A VERY IMPORTANT LETTER

Logged on for a quick message check. Wasn't expecting to have an interaction, but was very fun! Thanks to @Vefai and @Kalnid for putting up with my early morning shenanigans. 

--> We have Ministry Positions available! Please review HELP STEWARD
    and HELP EDUCATION and send me an application for the one you're interested
    in! Thank you.
>------------------------------------------------------------------------------<

You tell Marshall Vefai Myeras, the Joyous Lady, "GREETINGS CHIEF LADY! LOUD MIND VOICE SCREAMED AT
ME WHEN WOKE UP ABOUT OPEN MEN HISTORY POSITIONS. AM HERE TO TELL THAT HUNT END. YOU HAVE FOUND 
RIGHT BEAR FOR JOB."

Caressing your ear, the voice of Vefai whispers, "Is that so, loud bear? Which ministry position are
you the right bear for?"

Proudly, you exclaim to Vefai, "Am EDU- EDUMA- EDUCA- am learned bear!"

Marshall Vefai Myeras, the Joyous Lady says to you, "I might have a better time relaying your
application if you'd write it down on a letter for me."

Vefai taps her nose knowingly at you.

You have emoted: Sibirn looks crestfallen, before nodding solemnly.

Marshall Vefai Myeras, the Joyous Lady says, "I believe in you, learned bear."

Marshall Vefai Myeras, the Joyous Lady says, "A letter with your intent of being a minister will
help your desire to help the younglings."

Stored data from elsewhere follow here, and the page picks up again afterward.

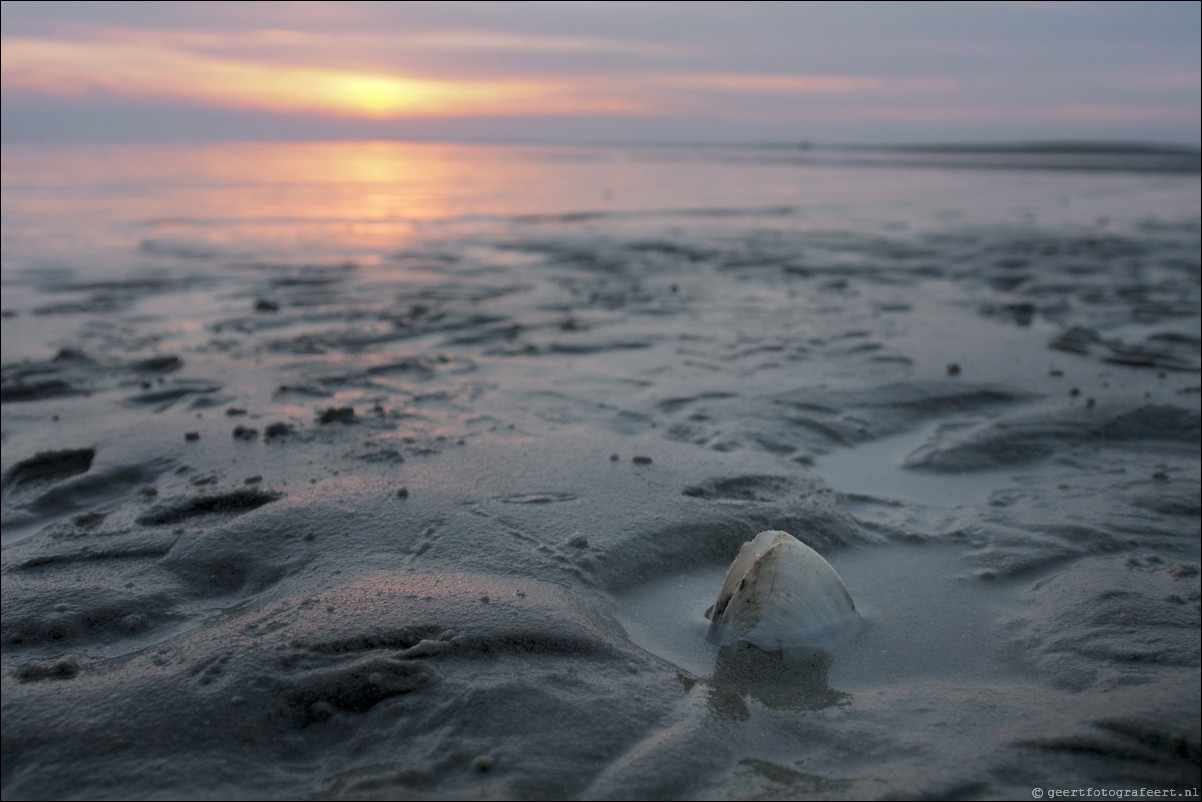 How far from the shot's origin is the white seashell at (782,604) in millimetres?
2396

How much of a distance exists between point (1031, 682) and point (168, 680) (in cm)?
226

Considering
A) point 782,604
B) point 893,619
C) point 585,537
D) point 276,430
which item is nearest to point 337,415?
point 276,430

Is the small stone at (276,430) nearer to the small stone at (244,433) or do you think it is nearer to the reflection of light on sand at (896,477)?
the small stone at (244,433)

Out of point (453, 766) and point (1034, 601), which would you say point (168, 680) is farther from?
point (1034, 601)

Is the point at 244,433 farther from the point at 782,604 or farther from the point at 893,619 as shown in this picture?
the point at 893,619

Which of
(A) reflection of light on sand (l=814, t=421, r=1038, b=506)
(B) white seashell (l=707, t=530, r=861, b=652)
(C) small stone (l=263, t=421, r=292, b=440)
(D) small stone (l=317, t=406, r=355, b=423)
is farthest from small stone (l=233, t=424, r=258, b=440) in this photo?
(A) reflection of light on sand (l=814, t=421, r=1038, b=506)

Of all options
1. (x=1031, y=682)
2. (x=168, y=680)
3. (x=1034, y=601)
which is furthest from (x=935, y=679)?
Answer: (x=168, y=680)

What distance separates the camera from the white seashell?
2.40m

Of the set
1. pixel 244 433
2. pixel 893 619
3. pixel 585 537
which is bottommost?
pixel 893 619

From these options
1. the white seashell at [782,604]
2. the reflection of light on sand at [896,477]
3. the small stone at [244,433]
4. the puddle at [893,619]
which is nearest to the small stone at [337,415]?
the small stone at [244,433]

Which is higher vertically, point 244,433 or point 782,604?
point 244,433

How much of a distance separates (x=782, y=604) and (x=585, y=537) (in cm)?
85

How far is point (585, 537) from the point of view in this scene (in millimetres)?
3033

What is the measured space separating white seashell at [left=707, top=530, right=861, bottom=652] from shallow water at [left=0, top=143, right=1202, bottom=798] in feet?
0.23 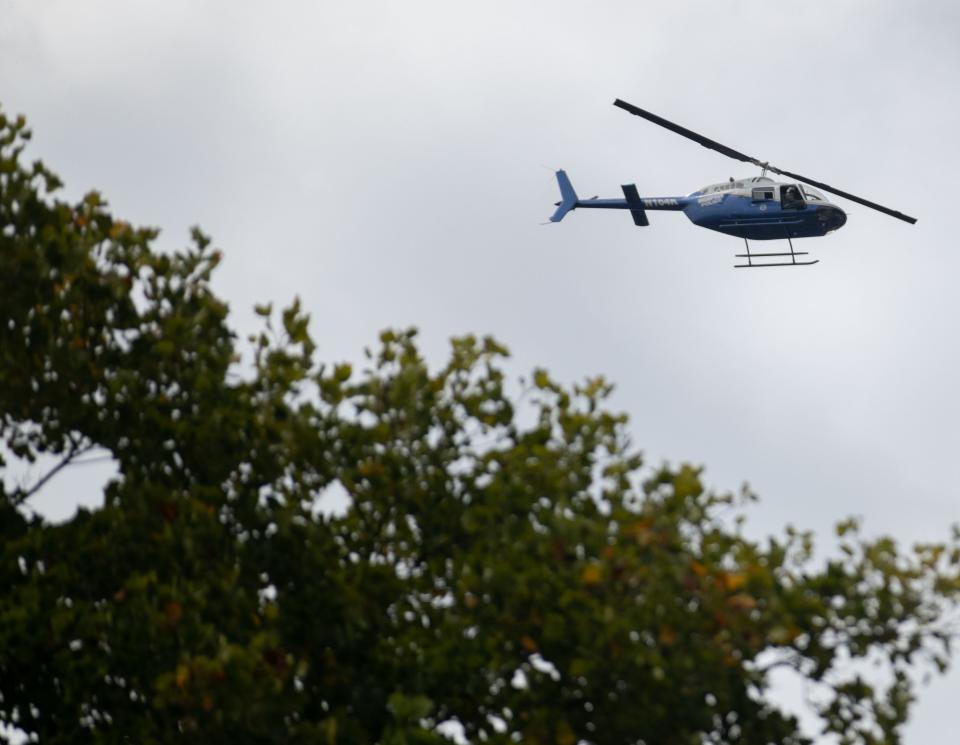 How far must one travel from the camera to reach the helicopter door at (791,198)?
160ft

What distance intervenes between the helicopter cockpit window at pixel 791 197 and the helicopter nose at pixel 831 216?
0.70m

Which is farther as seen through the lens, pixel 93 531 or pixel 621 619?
pixel 93 531

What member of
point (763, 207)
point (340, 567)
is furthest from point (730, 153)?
point (340, 567)

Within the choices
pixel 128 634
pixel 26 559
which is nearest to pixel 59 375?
pixel 26 559

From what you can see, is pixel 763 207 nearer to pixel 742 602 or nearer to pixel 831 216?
pixel 831 216

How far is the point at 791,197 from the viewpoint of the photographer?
4884 cm

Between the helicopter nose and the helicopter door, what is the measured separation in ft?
2.13

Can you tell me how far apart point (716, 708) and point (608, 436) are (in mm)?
3812

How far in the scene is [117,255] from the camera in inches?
882

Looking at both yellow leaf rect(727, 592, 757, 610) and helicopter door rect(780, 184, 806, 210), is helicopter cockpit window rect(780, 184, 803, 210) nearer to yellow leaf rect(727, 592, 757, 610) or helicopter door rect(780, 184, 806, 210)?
helicopter door rect(780, 184, 806, 210)

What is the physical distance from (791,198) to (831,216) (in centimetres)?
137

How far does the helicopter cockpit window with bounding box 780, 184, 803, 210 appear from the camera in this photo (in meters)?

(Market): You say, "Seeking word forger who write good. Strong ability to know to read BIG PLUS.
Will pay in non-tasty yellow coins."

Marshall Vefai Myeras, the Joyous Lady says to you, "An important job, this will be for my bear
friend."

You have emoted: Sibirn nods solemnly.

Kalnid tells you, "What are you looking to have written?"

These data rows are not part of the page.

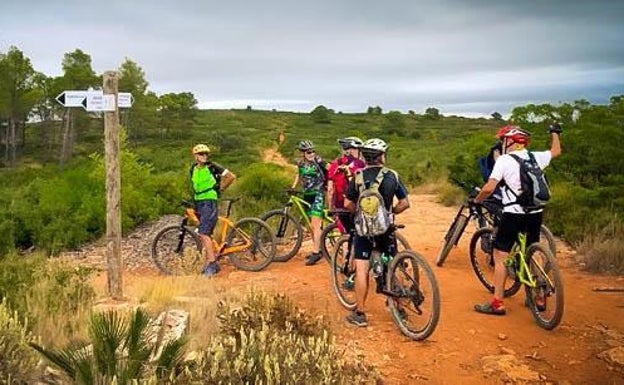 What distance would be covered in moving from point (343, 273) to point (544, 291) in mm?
2125

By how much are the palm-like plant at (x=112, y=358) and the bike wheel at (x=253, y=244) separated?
5.07 m

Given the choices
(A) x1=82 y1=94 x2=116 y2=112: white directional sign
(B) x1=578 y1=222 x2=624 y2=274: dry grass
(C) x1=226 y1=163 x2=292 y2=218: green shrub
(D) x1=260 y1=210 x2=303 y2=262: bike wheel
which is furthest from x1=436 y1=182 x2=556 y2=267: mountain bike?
(C) x1=226 y1=163 x2=292 y2=218: green shrub

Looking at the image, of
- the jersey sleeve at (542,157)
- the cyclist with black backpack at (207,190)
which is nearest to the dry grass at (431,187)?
the cyclist with black backpack at (207,190)

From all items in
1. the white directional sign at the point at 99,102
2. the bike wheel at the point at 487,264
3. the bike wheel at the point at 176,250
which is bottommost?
the bike wheel at the point at 176,250

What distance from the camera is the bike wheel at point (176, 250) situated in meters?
9.18

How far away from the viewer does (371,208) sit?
5.80 m

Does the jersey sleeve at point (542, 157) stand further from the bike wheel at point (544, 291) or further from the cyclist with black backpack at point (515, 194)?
the bike wheel at point (544, 291)

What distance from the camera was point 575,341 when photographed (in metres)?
5.76

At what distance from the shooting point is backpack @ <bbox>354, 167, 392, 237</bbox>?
19.1 feet

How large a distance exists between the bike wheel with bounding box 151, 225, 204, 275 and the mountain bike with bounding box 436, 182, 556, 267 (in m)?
3.38

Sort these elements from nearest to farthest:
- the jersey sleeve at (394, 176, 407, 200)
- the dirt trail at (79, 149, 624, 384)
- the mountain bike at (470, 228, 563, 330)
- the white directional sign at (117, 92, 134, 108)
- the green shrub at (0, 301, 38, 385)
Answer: the green shrub at (0, 301, 38, 385)
the dirt trail at (79, 149, 624, 384)
the mountain bike at (470, 228, 563, 330)
the jersey sleeve at (394, 176, 407, 200)
the white directional sign at (117, 92, 134, 108)

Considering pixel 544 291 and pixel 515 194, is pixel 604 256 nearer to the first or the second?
pixel 544 291

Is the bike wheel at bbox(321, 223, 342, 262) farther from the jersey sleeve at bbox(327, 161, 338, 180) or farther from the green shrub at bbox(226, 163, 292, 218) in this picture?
the green shrub at bbox(226, 163, 292, 218)

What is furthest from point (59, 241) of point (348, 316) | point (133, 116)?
point (133, 116) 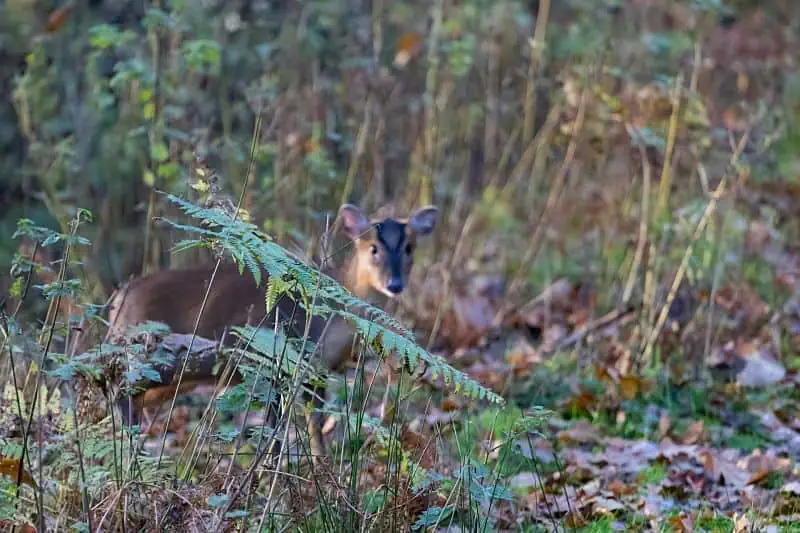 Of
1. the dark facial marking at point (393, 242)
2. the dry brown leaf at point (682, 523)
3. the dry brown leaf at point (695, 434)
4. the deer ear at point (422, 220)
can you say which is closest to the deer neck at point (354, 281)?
the dark facial marking at point (393, 242)

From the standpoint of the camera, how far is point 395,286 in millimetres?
6602

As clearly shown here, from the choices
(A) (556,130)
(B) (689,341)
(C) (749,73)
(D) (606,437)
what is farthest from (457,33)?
(D) (606,437)

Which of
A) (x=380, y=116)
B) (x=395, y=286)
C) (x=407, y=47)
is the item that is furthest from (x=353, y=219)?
(x=407, y=47)

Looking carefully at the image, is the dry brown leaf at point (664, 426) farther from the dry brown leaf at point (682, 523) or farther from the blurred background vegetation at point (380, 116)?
the blurred background vegetation at point (380, 116)

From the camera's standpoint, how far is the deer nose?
21.6ft

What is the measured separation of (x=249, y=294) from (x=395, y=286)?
0.81 metres

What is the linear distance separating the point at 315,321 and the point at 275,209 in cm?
113

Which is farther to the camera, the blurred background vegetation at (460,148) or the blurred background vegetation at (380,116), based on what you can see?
the blurred background vegetation at (380,116)

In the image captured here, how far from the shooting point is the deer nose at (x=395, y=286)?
6.60 metres

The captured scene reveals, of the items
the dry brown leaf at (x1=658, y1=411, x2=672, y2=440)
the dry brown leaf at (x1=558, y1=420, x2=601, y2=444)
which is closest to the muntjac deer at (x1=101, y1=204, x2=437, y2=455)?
the dry brown leaf at (x1=558, y1=420, x2=601, y2=444)

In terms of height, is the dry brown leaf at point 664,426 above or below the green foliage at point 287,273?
below

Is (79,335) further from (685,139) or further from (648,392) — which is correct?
(685,139)

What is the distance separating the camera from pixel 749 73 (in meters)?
10.4

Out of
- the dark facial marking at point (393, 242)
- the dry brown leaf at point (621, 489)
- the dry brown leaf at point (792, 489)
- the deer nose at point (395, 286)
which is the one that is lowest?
the deer nose at point (395, 286) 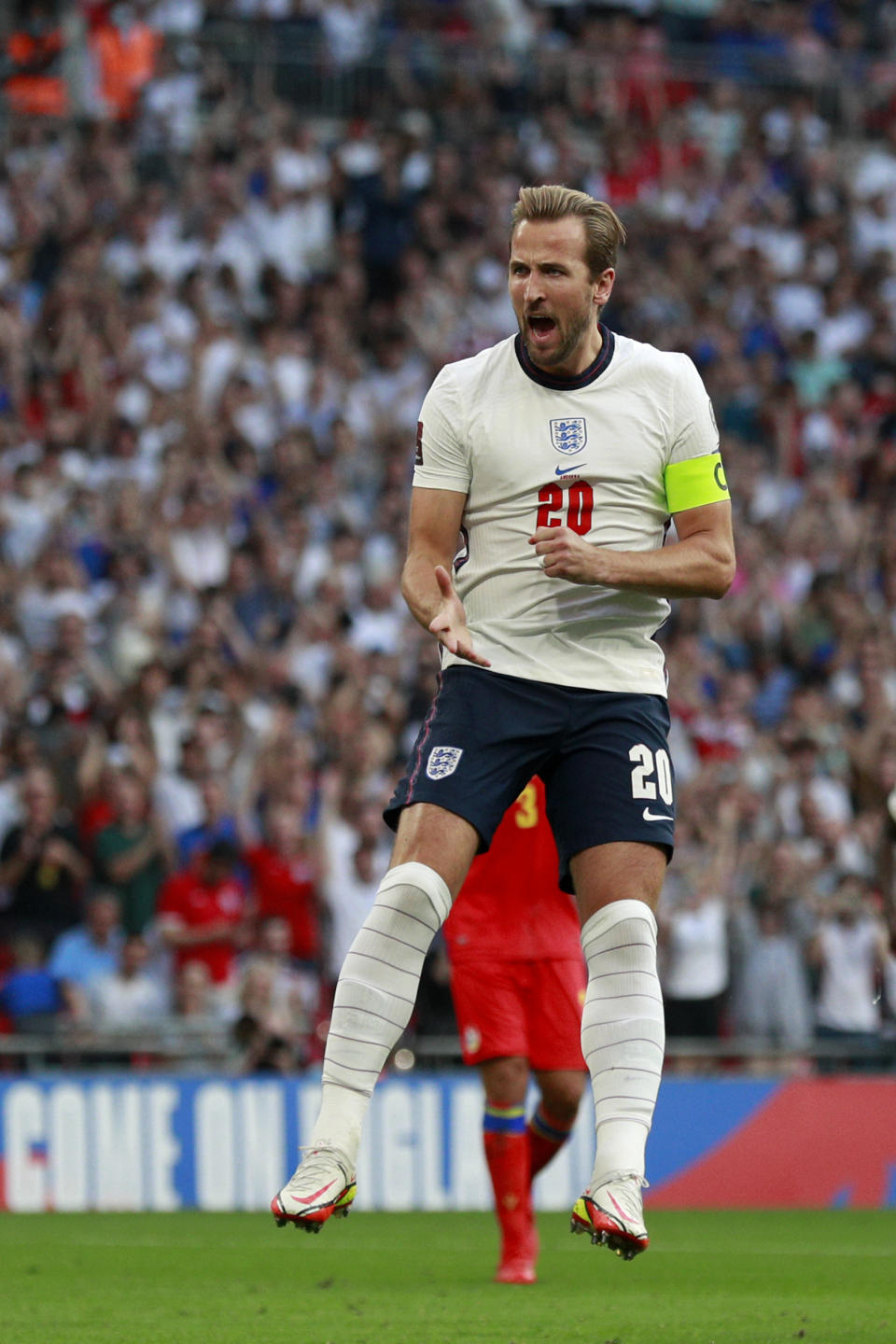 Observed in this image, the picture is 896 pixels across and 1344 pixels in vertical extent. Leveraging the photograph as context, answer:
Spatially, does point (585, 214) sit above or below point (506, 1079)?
above

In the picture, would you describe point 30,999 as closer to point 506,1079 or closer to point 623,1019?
point 506,1079

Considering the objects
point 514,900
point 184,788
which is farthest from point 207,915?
point 514,900

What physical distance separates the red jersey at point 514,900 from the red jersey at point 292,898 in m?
4.84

You tell Seditionist Kalnid, "HELLO VOICE PERSON! NEED VERY IMPORTANT LETTER WRITTEN."

Kalnid tells you, "Do you know what you want the letter to say, or is it more of a general idea?"

You tell Seditionist Kalnid, "LETTER MUST EXTOL VIRTUES OF LEARNED BEAR. MUST SHOW ONLY BEAR RIGHT
FOR JOB OF MINISTER OF EDU- EDUCA- EDUMA.. OF TEACHING."

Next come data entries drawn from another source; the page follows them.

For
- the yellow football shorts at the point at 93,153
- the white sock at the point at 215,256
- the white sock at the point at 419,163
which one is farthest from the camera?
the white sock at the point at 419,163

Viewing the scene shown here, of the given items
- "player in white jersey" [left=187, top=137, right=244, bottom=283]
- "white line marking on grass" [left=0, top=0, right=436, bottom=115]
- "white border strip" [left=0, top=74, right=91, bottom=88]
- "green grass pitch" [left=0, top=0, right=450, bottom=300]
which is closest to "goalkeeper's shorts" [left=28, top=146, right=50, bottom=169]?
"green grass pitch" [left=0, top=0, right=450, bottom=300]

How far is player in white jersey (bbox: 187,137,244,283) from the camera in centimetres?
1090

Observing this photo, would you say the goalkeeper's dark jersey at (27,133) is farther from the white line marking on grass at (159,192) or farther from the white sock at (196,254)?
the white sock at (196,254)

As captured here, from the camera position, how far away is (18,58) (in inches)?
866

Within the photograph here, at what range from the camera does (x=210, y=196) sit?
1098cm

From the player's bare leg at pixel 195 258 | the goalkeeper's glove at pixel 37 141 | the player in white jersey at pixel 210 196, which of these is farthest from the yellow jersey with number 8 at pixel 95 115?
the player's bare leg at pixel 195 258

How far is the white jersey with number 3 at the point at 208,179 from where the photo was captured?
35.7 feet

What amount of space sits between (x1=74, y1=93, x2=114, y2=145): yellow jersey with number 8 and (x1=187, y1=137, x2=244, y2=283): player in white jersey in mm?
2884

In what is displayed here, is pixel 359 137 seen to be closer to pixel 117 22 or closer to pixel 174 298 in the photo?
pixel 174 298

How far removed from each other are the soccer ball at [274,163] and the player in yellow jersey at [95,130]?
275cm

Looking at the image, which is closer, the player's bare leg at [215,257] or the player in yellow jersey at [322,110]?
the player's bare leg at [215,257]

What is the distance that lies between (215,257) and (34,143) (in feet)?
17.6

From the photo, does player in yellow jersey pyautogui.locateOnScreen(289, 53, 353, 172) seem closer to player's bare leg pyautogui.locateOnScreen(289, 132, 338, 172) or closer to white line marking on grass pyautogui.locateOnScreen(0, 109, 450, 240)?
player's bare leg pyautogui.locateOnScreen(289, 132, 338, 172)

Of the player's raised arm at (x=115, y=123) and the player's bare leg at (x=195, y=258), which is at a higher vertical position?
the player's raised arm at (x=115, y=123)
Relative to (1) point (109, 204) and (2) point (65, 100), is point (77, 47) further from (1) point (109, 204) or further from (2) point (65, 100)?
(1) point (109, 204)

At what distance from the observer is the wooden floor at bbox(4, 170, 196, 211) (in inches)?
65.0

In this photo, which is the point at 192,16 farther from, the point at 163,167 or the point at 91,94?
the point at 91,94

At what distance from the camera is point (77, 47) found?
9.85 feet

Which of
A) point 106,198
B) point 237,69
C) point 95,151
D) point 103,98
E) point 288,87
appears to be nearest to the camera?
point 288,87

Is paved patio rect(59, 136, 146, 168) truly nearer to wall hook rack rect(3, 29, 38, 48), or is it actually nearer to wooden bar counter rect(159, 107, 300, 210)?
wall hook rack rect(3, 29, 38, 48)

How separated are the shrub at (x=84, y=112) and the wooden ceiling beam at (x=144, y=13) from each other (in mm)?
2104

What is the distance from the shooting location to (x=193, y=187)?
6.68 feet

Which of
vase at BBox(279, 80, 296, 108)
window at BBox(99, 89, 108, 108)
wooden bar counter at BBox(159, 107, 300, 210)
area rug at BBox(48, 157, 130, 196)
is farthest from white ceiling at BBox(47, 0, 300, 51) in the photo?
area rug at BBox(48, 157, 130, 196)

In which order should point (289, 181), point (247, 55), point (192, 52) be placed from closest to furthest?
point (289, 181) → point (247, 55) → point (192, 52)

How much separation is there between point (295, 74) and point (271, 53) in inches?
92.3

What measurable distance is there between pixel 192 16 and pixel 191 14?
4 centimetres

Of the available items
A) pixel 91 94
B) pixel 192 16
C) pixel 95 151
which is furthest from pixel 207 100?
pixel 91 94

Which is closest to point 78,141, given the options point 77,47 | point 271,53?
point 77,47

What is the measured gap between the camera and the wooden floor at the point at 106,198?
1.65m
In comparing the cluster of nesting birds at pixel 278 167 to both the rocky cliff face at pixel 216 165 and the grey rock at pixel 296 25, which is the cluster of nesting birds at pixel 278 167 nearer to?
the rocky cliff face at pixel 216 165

Kalnid tells you, "I see. If I may ask, do you feel you're suited to and prepared for the role? Of
Minister, to be clear."

You tell Seditionist Kalnid, "HAVE SLAIN MANY FOES! AM BIGGER THAN YOUNGLINGS, AND EVEN IF NOT RUN
AS FAST, WILL TEACH THEM MANY THINGS."

Kalnid tells you, "Alright. Is there anything else you'd like included?"

Kalnid tells you, "Oh, and to whom should this be addressed?"

You tell Seditionist Kalnid, "INCLUDE THAT BEAR IS BEST BEAR FOR JOB. WORK CLOSELY WITH CHIEFS.
WRANGLE CUBS, TEACH MUCH! YELL AT MIND SCROLLS TO GET IN ORDER. COLLEGE IN GOOD PAWS. ADDRESS TO BIG 
CHIEFS OF NON SMELLY FOREST."

Kalnid tells you, "That would be... The Moonhart Circle, then. Alright. Give me a few minutes to put
something together."

Kalnid tells you, "Is there a specific reason you aren't writing this letter yourself?"

You tell Seditionist Kalnid, "NORMALLY CHIEF LET BEAR DRAW, BUT BIG CHIEF SAID NO DRAW, FORMAL
LETTER. AND BIG CHIEF ALSO SAID NO MORE GIVE LETTER DRIPPING BLOOD, OR WILL FACE RIPPER CUSHIONS. SO 
NO MORE DRAWING."

Kalnid tells you, "Ripper... Oh. Yes, that would be unfortunate."

You tell Seditionist Kalnid, "CHIEF IS SMART! MADE BEAR LEARNED BEAR. TAUGHT THAT FRIENDS ARE TASTE,
NO EAT. FOOD IS EAT! FOES ARE EAT, *THEN* KILL!"

You tell Seditionist Kalnid, "ER.. WAIT. MAY HAVE GOT WRONG. WILL CHECK WITH CHIEF."

Kalnid tells you, "I might recommend the other order if you prefer your food cooked."

You tell Seditionist Kalnid, "FOOD YELLS TOO MUCH WHEN COOK."

Kalnid tells you, "How would you like the letter signed?"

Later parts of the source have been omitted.